TASK TO COMPLETE. The data below must be returned in full and exactly.

Short text fragments from websites:
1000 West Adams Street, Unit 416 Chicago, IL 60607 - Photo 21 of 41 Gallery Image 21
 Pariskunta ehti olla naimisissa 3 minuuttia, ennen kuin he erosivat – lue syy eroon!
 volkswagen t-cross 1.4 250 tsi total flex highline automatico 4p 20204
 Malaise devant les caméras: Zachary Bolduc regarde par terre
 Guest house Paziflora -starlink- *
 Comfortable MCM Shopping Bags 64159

ANSWER TO THE EXERCISE.
1000 West Adams Street, Unit 416 Chicago, IL 60607 - Photo 21 of 41 Gallery Image 21
 Pariskunta ehti olla naimisissa 3 minuuttia, ennen kuin he erosivat – lue syy eroon!
 volkswagen t-cross 1.4 250 tsi total flex highline automatico 4p 20204
 Malaise devant les caméras: Zachary Bolduc regarde par terre
 Guest house Paziflora -starlink- *
 Comfortable MCM Shopping Bags 64159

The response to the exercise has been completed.